The importance of replication in science

Can strong conclusions be drawn from a single study? If two studies contradict each other, does this mean that we cannot trust science?

The answer is no.

Several factors can explain differences in results from one study to another, such as differences in the study sample, the method used or the analyzes performed. Let’s take a fictional example with two studies focusing on the effectiveness of musical training to improve the ability to perceive speech in the presence of environmental noise. If the results of only one of the two studies made it possible to conclude that the training was effective, this could be explained by differences in the age of the people recruited in the two studies, differences in the frequency, intensity or duration of the training, the precision of the tests used to measure progress, etc.

To better understand these phenomena and generate more robust conclusions than those provided by a single study, science relies on an essential process: replication.

The goal of replication is to advance current theories and knowledge by confronting them with new evidence (Nosek and Errington, 2020; KNAW, 2018). Replication makes it possible to lend credibility to scientific assertions, theories, hypothesis, or models, when the results that led to their formulation are reproduced; this is especially strong if replications originate from several independent research teams across different countries. When the results of one study are contradicted by the results of one or several other studies, confidence in the results of the original study should be limited. Research teams must try to understand what explains the differences in results and carry out additional studies to verify the results of the first study. Researchers may also be required to propose modifications to existing theories and models or to create new ones, which better explain all of the results (Nosek and Errington, 2020).

A replication study can be defined as “an independent repetition of a previously published study, performed under similar circumstances and using similar methods” (KNAW, 2018).

However, the degree of replication of an original study can vary, as shown on the continuum in Figure 1.

Figure 1. Diagram illustrating the different degrees of replication of an original study.

Reproduction is a type of replication that involves reanalyzing data that has already been collected. The new analysis can be exactly the same and thus make it possible to see if errors have been made (this type of replication can be done within the same laboratory, by another member of the team). An alternative or improved analysis plan can also be used and thus make it possible to verify whether the original results are robust (Peels and Bouter, 2021).

Direct replication involves collecting new data, but using as much of the same method as the original study.
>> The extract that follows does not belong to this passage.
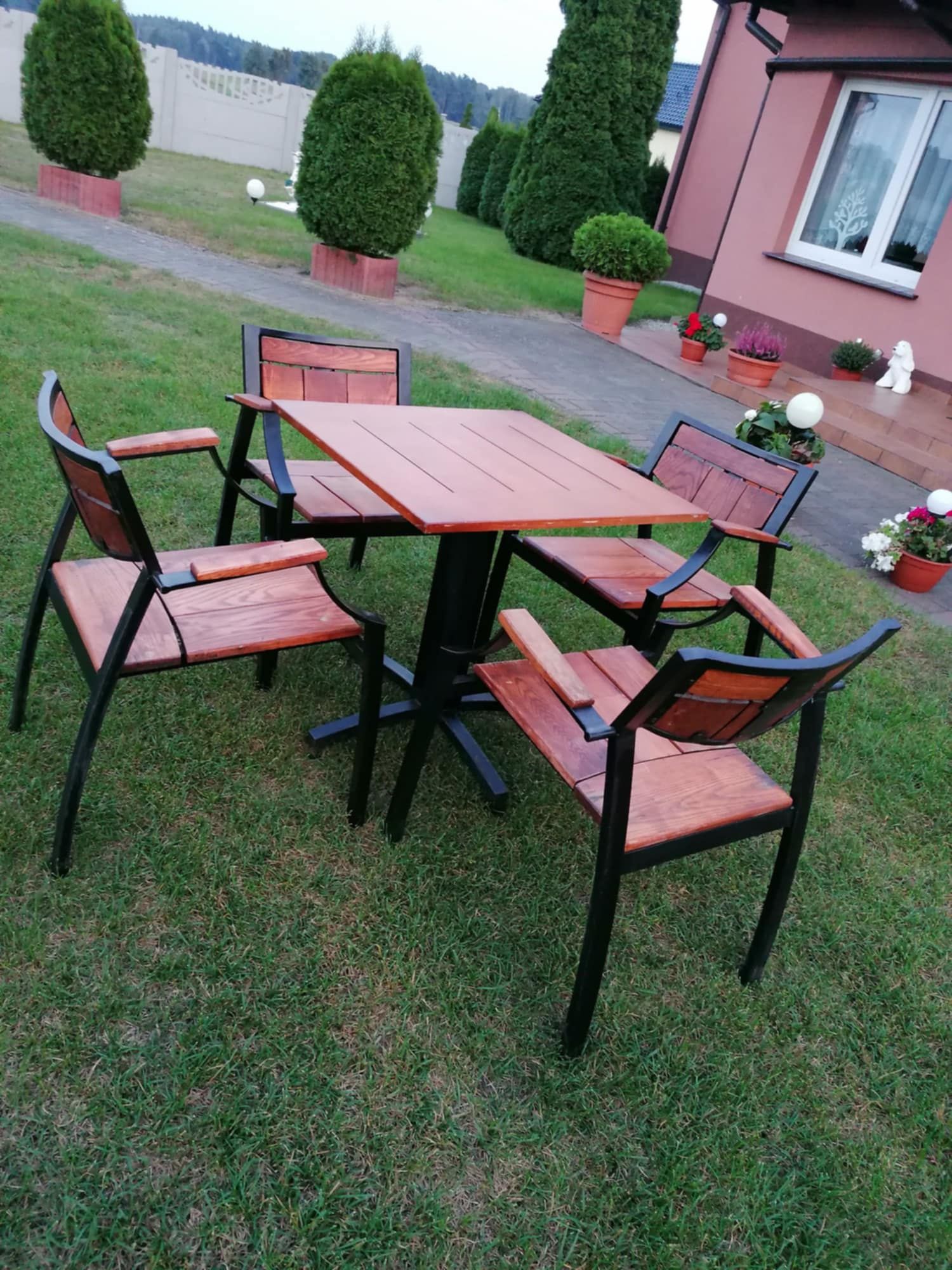 ogródek piwny  kawiarnia restauracja meble ogrodowe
When direct replication leads to the same results as the original study, it is less likely that the results of the original study are attributable to chance, error, or specificity of the original sample, for example. This type of replication can thus support the accuracy of the results of the original study. It is particularly useful when the hypothesis or models tested are new (Peels and Bouter, 2021).

Conceptual replication is a type of study that involves collecting new data to answer the same research question as the original study, but making some changes to the design or experimental method. If the results are reproduced, this suggests that the methodological variations do not influence the original results. The level of confidence granted to the original results is increased (Peels and Bouter, 2021).
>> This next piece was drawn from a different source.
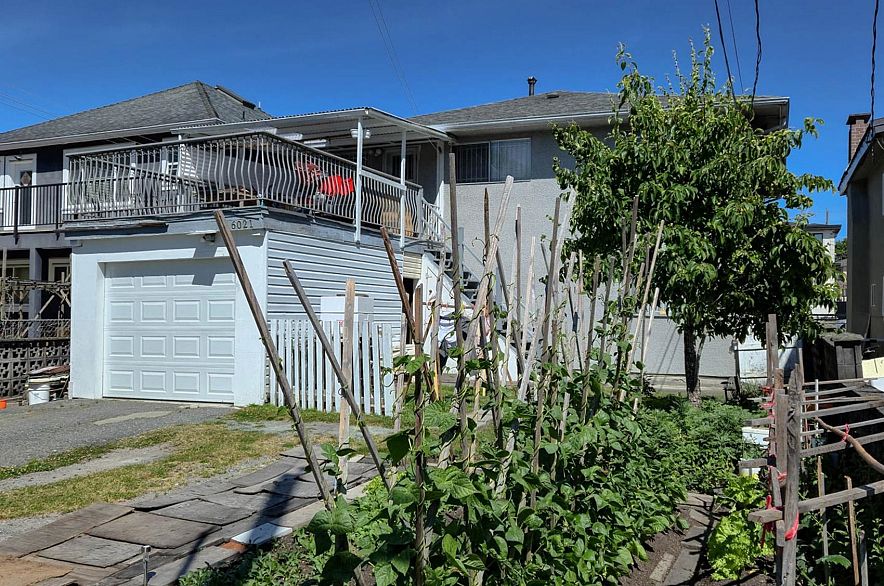 6021 Commercial Street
When scientific knowledge accumulates and the understanding of a phenomenon improves, it becomes possible to test increasingly specific hypotheses, and to verify under what conditions (e.g., with which populations) the original results are valid. This can be done through generalization tests (Nosek and Errington, 2020). In this case, research teams replicate portions of the study, but make methodological changes to answer a more specific research question.

Replication studies and generalization tests identify conditions under which results can be generalized and expected, but also conditions under which results are not valid (Nosek & Errington, 2020). Let’s go back to our example from the beginning, where research teams studied the effectiveness of musical training (let’s call it ABC) to improve the ability to perceive speech in the presence of noises (see Figure 2).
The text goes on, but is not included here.